> **Work instruction**
Going down the data below, set down exactly the line with "Power Reclining Sofa" and each line after it through the line with "The role of the Business Architect"; no other lines.

> **Information given**

'''

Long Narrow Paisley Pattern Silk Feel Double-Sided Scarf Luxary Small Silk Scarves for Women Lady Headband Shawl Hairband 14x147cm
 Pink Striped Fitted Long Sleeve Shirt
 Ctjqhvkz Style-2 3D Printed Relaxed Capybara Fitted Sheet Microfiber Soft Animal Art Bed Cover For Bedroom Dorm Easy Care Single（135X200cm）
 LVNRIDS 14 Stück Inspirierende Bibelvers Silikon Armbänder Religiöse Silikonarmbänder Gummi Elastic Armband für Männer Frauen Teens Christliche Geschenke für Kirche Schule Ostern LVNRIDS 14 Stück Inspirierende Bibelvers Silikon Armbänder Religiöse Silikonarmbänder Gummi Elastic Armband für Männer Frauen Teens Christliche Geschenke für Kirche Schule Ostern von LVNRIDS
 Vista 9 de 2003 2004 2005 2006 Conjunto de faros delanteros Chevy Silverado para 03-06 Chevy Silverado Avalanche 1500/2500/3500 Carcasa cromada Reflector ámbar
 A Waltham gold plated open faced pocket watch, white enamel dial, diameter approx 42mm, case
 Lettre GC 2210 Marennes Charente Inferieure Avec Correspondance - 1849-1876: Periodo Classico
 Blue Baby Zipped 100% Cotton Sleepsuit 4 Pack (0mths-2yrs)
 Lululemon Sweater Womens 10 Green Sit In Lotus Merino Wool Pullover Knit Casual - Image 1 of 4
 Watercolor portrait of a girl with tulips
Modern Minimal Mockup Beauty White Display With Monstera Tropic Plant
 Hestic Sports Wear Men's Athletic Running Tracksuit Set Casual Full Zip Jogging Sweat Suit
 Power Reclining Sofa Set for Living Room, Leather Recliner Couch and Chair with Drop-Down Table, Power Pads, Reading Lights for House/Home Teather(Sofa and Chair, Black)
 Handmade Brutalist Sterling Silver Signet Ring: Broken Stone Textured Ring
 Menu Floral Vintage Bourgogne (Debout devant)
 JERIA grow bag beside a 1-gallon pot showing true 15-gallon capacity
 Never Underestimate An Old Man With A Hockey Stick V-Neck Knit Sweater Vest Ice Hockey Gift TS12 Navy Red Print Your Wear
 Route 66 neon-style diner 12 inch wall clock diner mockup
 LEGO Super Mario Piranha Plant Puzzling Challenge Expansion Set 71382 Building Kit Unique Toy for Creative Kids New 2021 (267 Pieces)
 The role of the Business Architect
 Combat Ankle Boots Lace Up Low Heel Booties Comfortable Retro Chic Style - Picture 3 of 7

'''

> **Written answer**
 Power Reclining Sofa Set for Living Room, Leather Recliner Couch and Chair with Drop-Down Table, Power Pads, Reading Lights for House/Home Teather(Sofa and Chair, Black)
 Handmade Brutalist Sterling Silver Signet Ring: Broken Stone Textured Ring
 Menu Floral Vintage Bourgogne (Debout devant)
 JERIA grow bag beside a 1-gallon pot showing true 15-gallon capacity
 Never Underestimate An Old Man With A Hockey Stick V-Neck Knit Sweater Vest Ice Hockey Gift TS12 Navy Red Print Your Wear
 Route 66 neon-style diner 12 inch wall clock diner mockup
 LEGO Super Mario Piranha Plant Puzzling Challenge Expansion Set 71382 Building Kit Unique Toy for Creative Kids New 2021 (267 Pieces)
 The role of the Business Architect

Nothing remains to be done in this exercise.